[Caption-style text data]
---*---

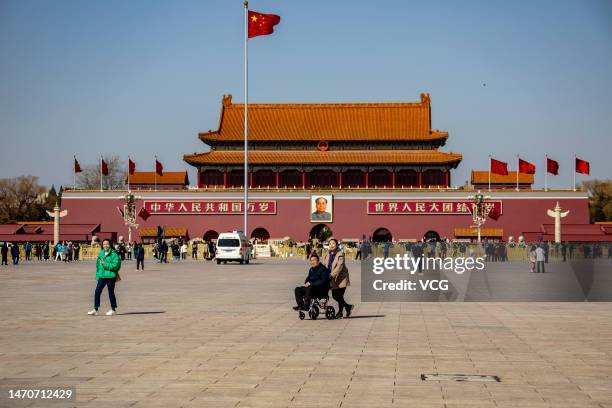 Chinese national flags flutter at Tian'anmen Square ahead of the annual two sessions on March 2, 2023 in Beijing, China. The first session of the...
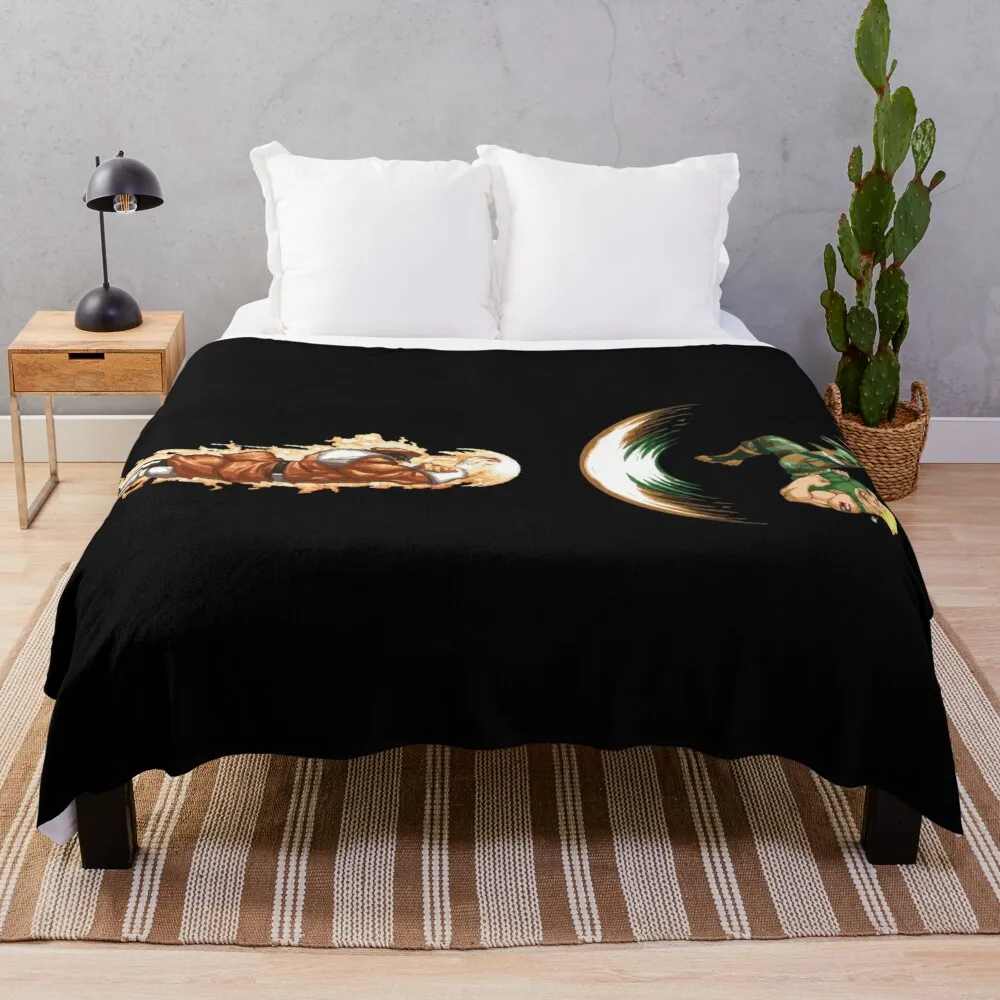 

Bison vs guile Throw Blanket Beach Kid'S Winter beds for sofa Blankets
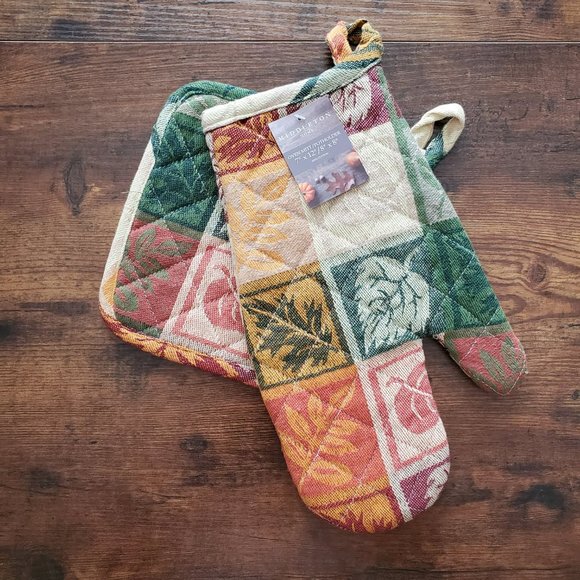 Autumn Leaves Kitchen Set, 4pc, Towels Mitt Potholder, Pumpkin Fall Decor - Picture 2 of 8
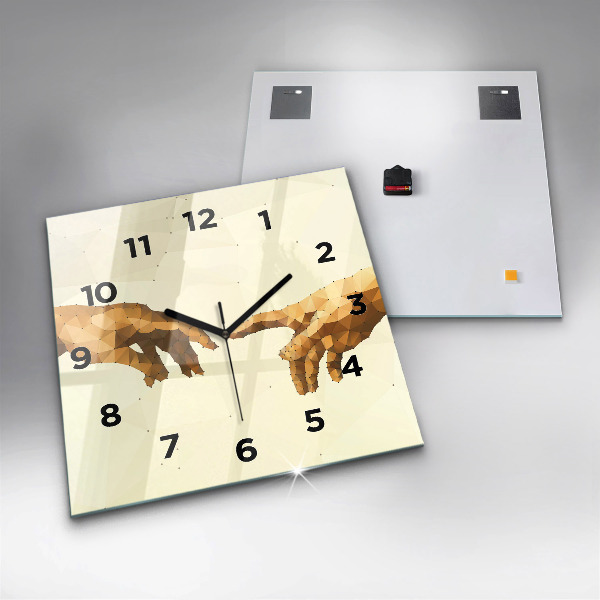 Square glass wall clock Creation of Adam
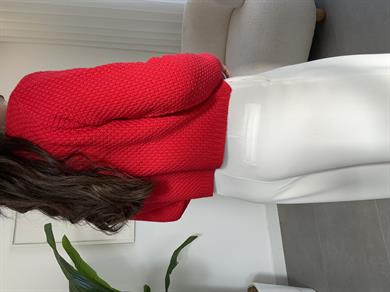 Kırmızı Gold Düğme Cepli Hırka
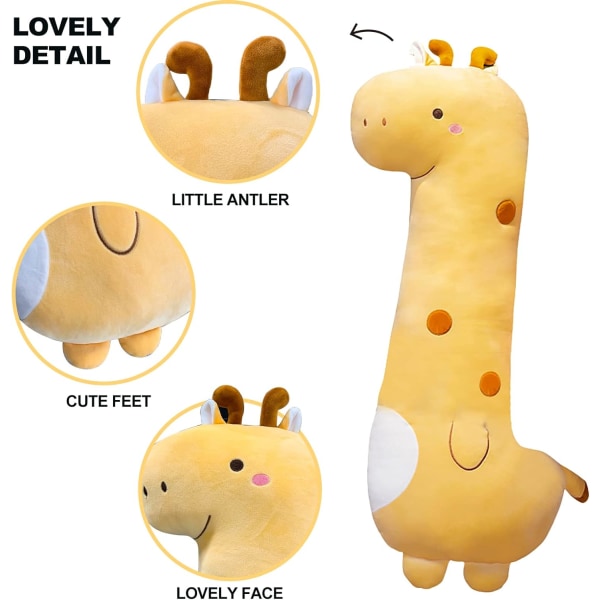 Söt lång giraff plyschkudde Kawaii giraff gosedjur för flickor och pojkar gul 21,6\"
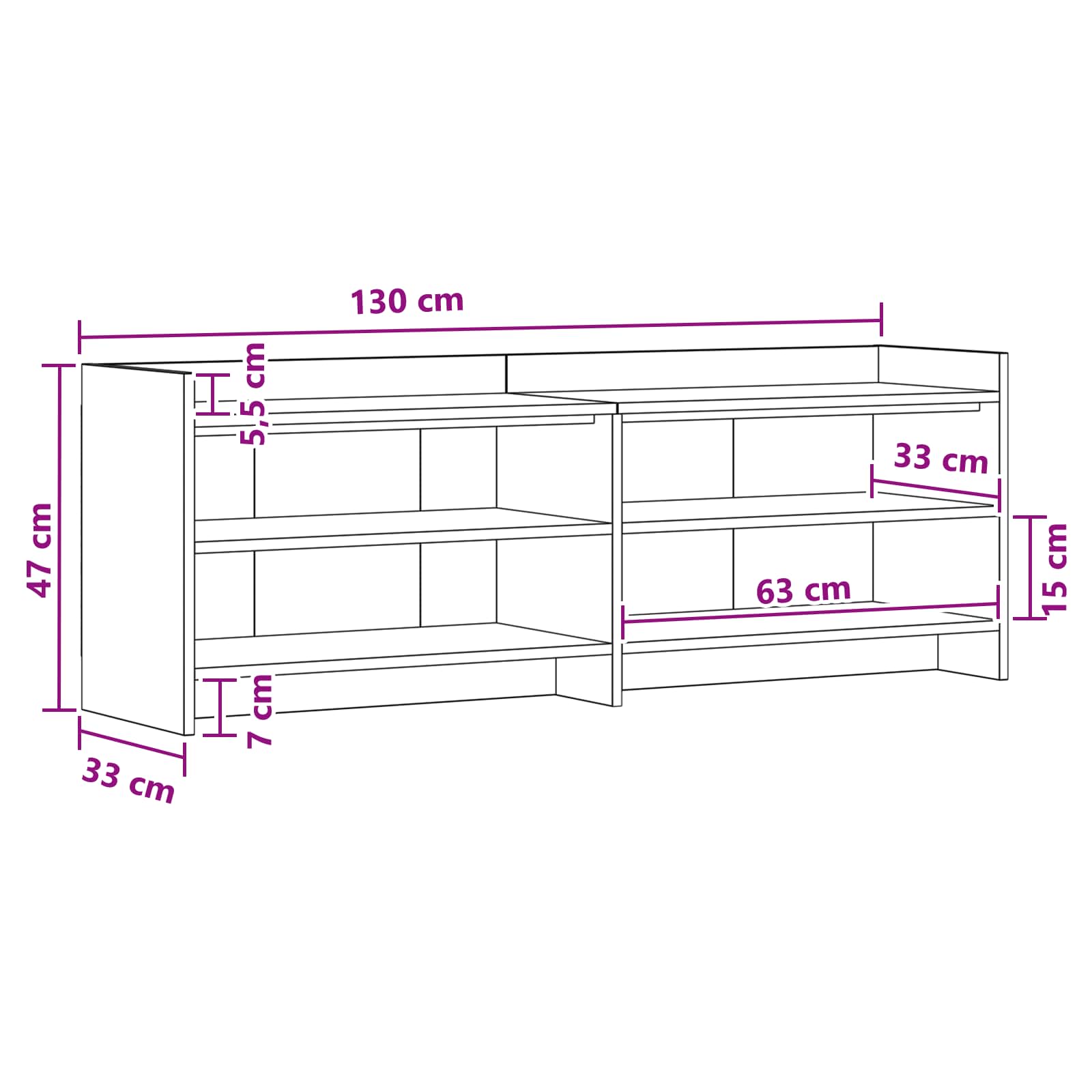 Ντουλάπι TV 135 x 33 x 47 εκ. Γκρι Sonoma Επεξεργασμένο Ξύλο - Pakobazaar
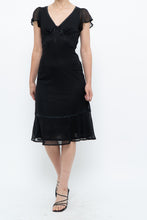 Load image into Gallery viewer, Vintage x Made in India x Black Bow Mesh Midi Dress (S)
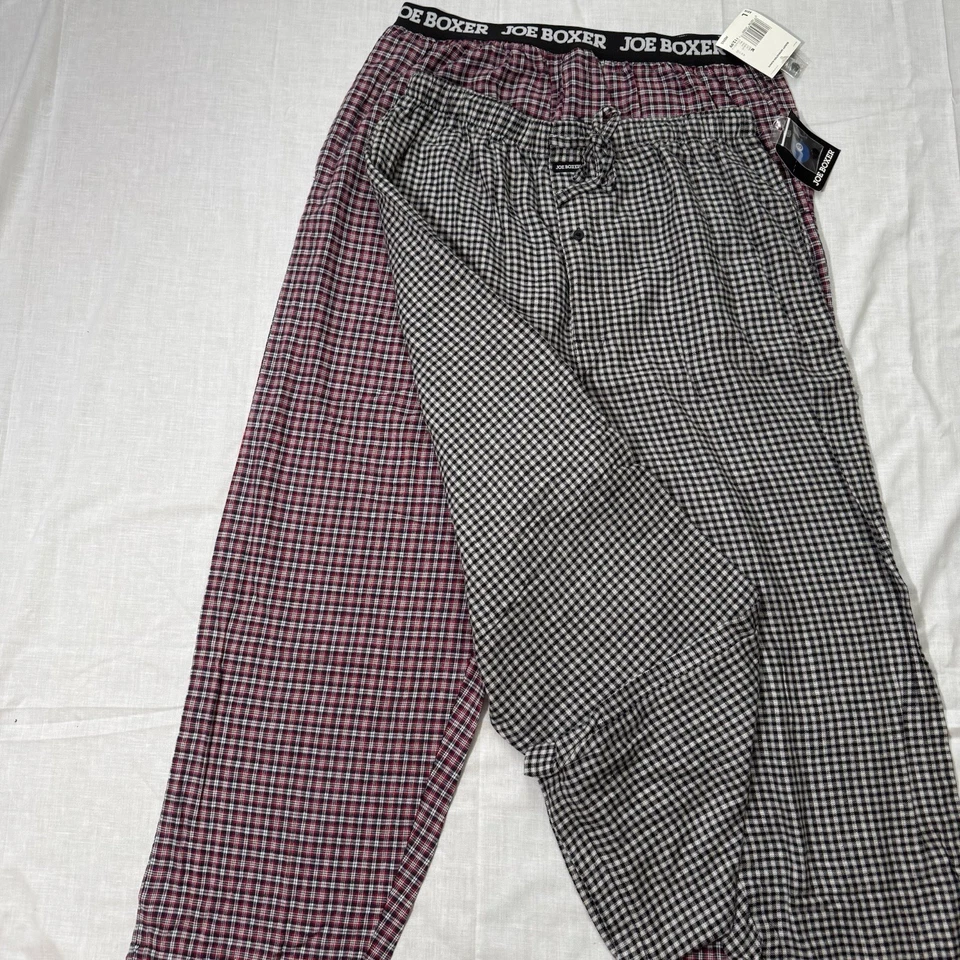 2 Mens Vintage Kmart JOE BOXER Flannel Pajama Pants Sz Large Red/Black - Image 3 of 4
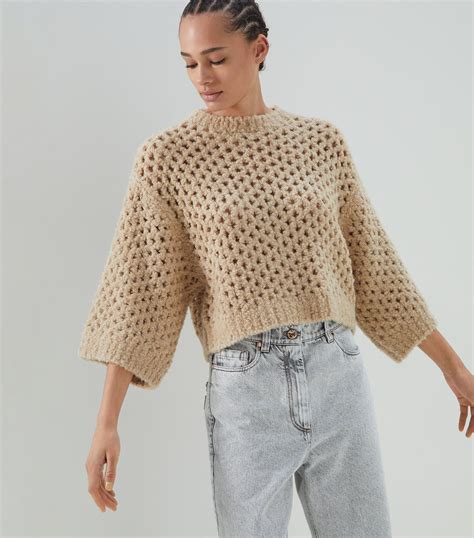 Camel Brown Cropped silk sweater with logo 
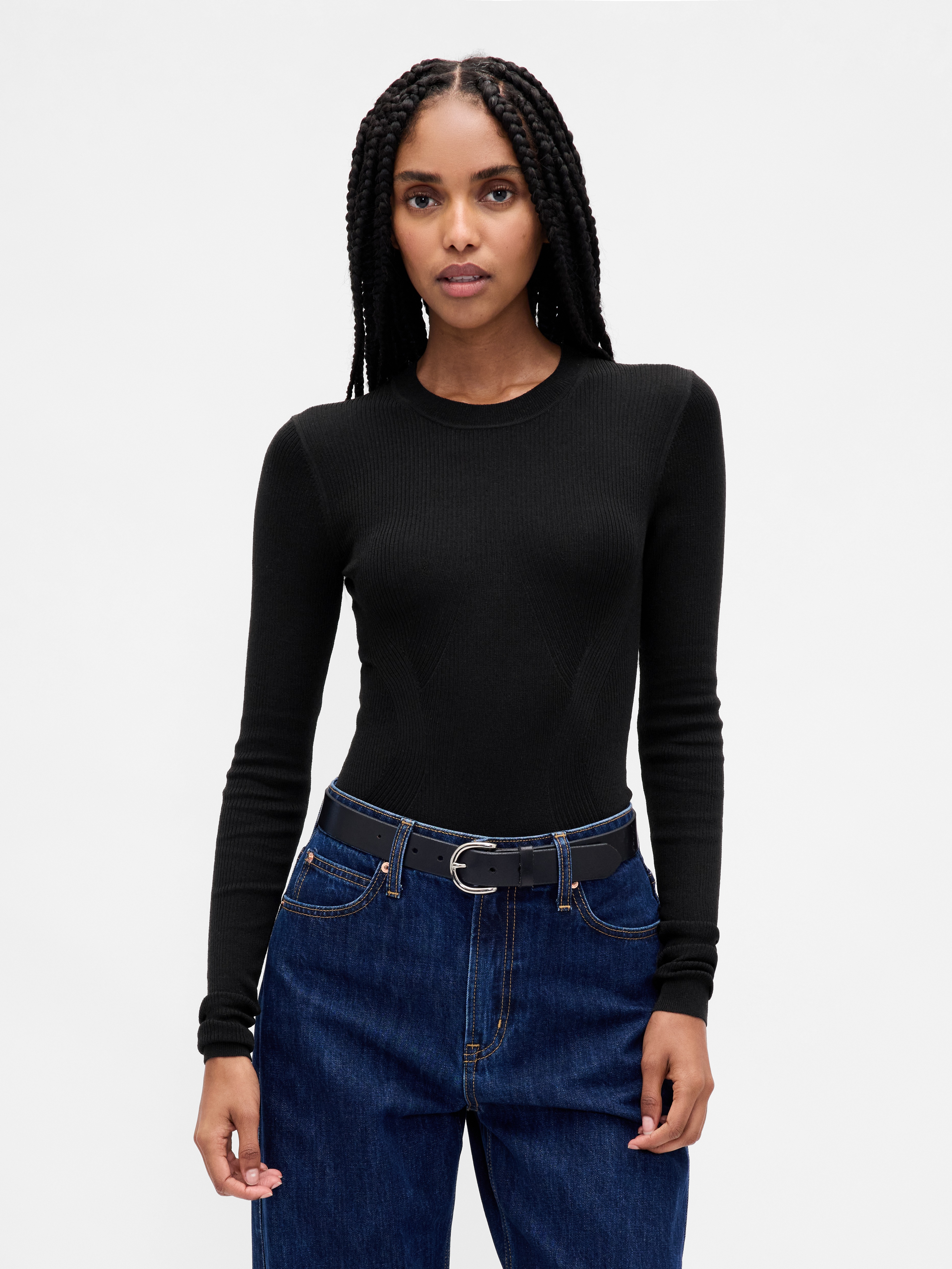 Sheer Rib Sweater Bodysuit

---*---

**WHAT IS REQUIRED:** Leaving out every picture, transcribe exactly the lines from the line that contains "2 Mens Vintage" through the final line of the entries above.

**SOLUTION FOR THIS TASK:**
 2 Mens Vintage Kmart JOE BOXER Flannel Pajama Pants Sz Large Red/Black - Image 3 of 4
 Camel Brown Cropped silk sweater with logo 
 Sheer Rib Sweater Bodysuit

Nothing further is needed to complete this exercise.